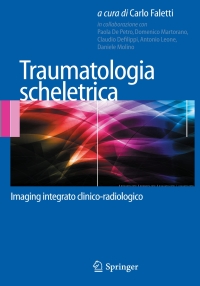 Cover image: Traumatologia scheletrica 9788847057319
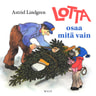 Astrid Lindgren - Lotta osaa mitä vain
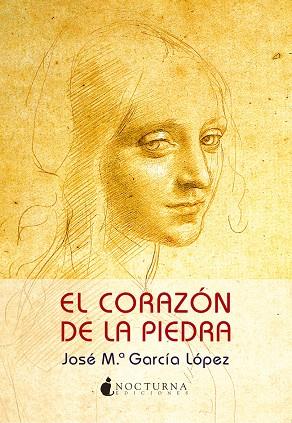 CORAZON DE LA PIEDRA, EL | 9788493975074 | GARCIA LOPEZ, JOSE MARIA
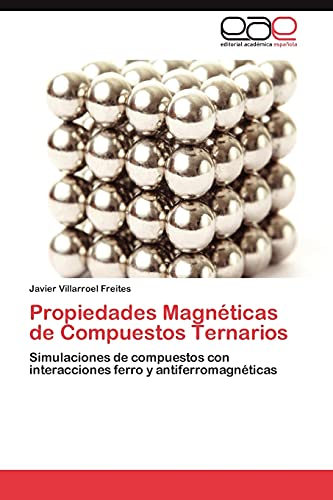 Propiedades Magnéticas de Compuestos Ternarios: Simulaciones de compuestos con interacciones ferro y antiferromagnéticas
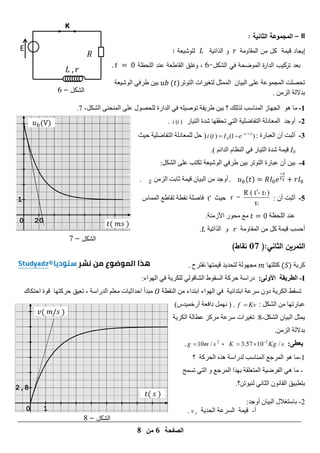 ‫الصفحة‬
6
‫من‬
8
𝑅
E
‫الشكل‬
–
6
𝐿 𝑟
0 20
1
𝑡( 𝑚𝑠 )
𝑢𝑏(V)
‫الشكل‬
–
7
0 1
2,8
𝑡( 𝑠 )
𝑣( 𝑚 𝑠 )
‫الشكل‬
–
8
II
–
: ‫الثانية‬ ‫المجموعة‬
‫إيجاد‬
‫قيمة‬
‫كل‬
‫من‬
‫المقاومة‬
‫الذاتية‬ ‫و‬
‫لموشيعة‬
:
‫بعد‬
‫الشكل‬ ‫في‬ ‫الموضحة‬ ‫ة‬
‫ر‬‫الدا‬ ‫تركيب‬
-
6
،
‫و‬
‫القاطعة‬ ‫غمق‬
‫المحظة‬ ‫عند‬
.
ُ‫ا‬ٞ‫اىث‬ ٚ‫ػي‬ ‫اىَجَ٘ػح‬ ‫ذذصيد‬
‫اىر٘ذس‬ ‫ساخ‬ٞ‫ىرغ‬ ‫اىََثو‬
( )
‫ؼح‬ٞ‫اى٘ش‬ ٜ‫طسف‬ ِٞ‫ت‬
ٍِ‫اىص‬ ‫تدالىح‬
.
1
-
‫اىجٖاش‬ ٕ٘ ‫ٍا‬
‫ىرىيل‬ ‫اىَْاسة‬
‫ذ‬ ‫قح‬ٝ‫طس‬ ِٞ‫ت‬ ‫؟‬
‫اىدازج‬ ٜ‫ف‬ ٔ‫ي‬ٞ‫٘ص‬
ْ‫اىَْذ‬ ٚ‫ػي‬ ‫ىيذص٘ه‬
ٚ
‫اىشنو‬
-
7
.
2
-
‫أٗجد‬
ٜ‫اىر‬ ‫ح‬ٞ‫اىرفاظي‬ ‫اىَؼادىح‬
‫ذ‬
‫از‬ٞ‫اىر‬ ‫شدج‬ ‫ذققٖا‬
( )
i t
.
3
-
ُ‫أ‬ ‫أثثد‬
‫اىؼثازج‬
:
/ 2
0
( ) (1 )
t
i t I e 

 
)
‫ث‬ٞ‫د‬ ‫ح‬ٞ‫اىرفاظي‬ ‫ىيَؼادىح‬ ‫دو‬
I0
‫َح‬ٞ‫ق‬
‫شدج‬
ٌ‫اىدائ‬ ً‫اىْظا‬ ٜ‫ف‬ ‫از‬ٞ‫اىر‬
)
.
4
-
ٜ‫طسف‬ ِٞ‫ت‬ ‫اىر٘ذس‬ ‫ػثازج‬ ُ‫أ‬ ِٞ‫ت‬
‫ؼح‬ٞ‫اى٘ش‬
‫اىشنو‬ ٚ‫ػي‬ ‫ذنرة‬
:
. ( )
ٍِ‫اىص‬ ‫ثاتد‬ ‫َح‬ٞ‫ق‬ ُ‫ا‬ٞ‫اىث‬ ٍِ ‫أٗجد‬
.
5
-
: ُ‫أ‬ ‫أثثد‬
2
2
R ( t - τ )
r =
τ

‫ث‬ٞ‫د‬
t'
‫فاصيح‬
‫ّقطح‬
‫اىََاض‬ ‫ذقاطغ‬
‫اىيذظح‬ ‫ػْد‬
.‫األشٍْح‬ ‫ٍذ٘ز‬ ‫ٍغ‬
‫أدسة‬
‫َح‬ٞ‫ق‬
ٍِ ‫مو‬
‫اىَقاٍٗح‬
ٗ
‫ح‬ٞ‫اىراذ‬
.
(:‫الثاني‬ ‫التمرين‬
17
)‫نقاط‬
‫ح‬ٝ‫مس‬
( )
‫مريرٖا‬
َٞ‫ق‬ ‫د‬ٝ‫ىرذد‬ ‫ٍجٖ٘ىح‬
‫ر‬
‫ٖا‬
‫ّقرسح‬
.
I
-
‫الطريقة‬
:‫األولى‬
‫دزاسح‬
‫اى‬ ‫دسمح‬
‫سق٘ط‬
‫اى‬
‫اىٖ٘اء‬ ٜ‫ف‬ ‫ح‬ٝ‫ىينس‬ ٜ‫شاق٘ى‬
:
‫ذسقط‬
‫اى‬
‫ح‬ٝ‫نس‬
‫ح‬ٞ‫اتردائ‬ ‫سسػح‬ ُٗ‫د‬
‫اىٖ٘اء‬ ٜ‫ف‬
‫اترداء‬
ٍِ
‫اى‬
‫ْقطح‬
‫ٍثدأ‬
‫اخ‬ٞ‫ادداث‬
ٌ‫ٍؼي‬
‫اىدزاسح‬
،
‫ق‬ٞ‫ذؼ‬
‫دسم‬
‫رٖا‬
‫ادرناك‬ ‫ق٘ج‬
ٍِ ‫ػثازذٖا‬
: ‫اىشنو‬
f Kv

.
)‫دض‬َٞ‫أزخ‬ ‫دافؼح‬ ‫َّٖو‬ (
‫اىشنو‬ ُ‫ا‬ٞ‫اىث‬ ‫َثو‬ٝ
-
8
‫ح‬ٝ‫اىنس‬ ‫ػطاىح‬ ‫ٍسمص‬ ‫سسػح‬ ‫ساخ‬ٞ‫ذغ‬
.ٍِ‫اىص‬ ‫تدالىح‬
:‫يعطى‬
2
3.57 10 /
K Kg s

 
،
2
10 /
g m s

.
1
-
‫ىدزاسح‬ ‫اىَْاسة‬ ‫اىَسجغ‬ ٕ٘ ‫ٍا‬
ٓ‫ٕر‬
‫اى‬
‫؟‬ ‫ذسمح‬
-
‫ذسَخ‬ ٜ‫اىر‬ ٗ ‫اىَسجغ‬ ‫تٖرا‬ ‫اىَرؼيقح‬ ‫ح‬ٞ‫اىفسظ‬ ٜٕ ‫ٍا‬
.‫٘ذِ؟‬ْٞ‫ى‬ ّٜ‫اىثا‬ ُّ٘‫اىقا‬ ‫ق‬ٞ‫ترطث‬
2
-
ُ‫ا‬ٞ‫اىث‬ ‫تاسرغاله‬
‫أٗجد‬
:
‫أ‬
-
‫ح‬ٝ‫اىذد‬ ‫اىسسػح‬ ‫َح‬ٞ‫ق‬
L
v
.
-- -- --
● Work request
Go through the data and show every line where "اىشنو" occurs.

● Response to the task
‫اىشنو‬
‫اىشنو‬ ٚ‫ػي‬ ‫ذنرة‬
: ‫اىشنو‬
‫اىشنو‬ ُ‫ا‬ٞ‫اىث‬ ‫َثو‬ٝ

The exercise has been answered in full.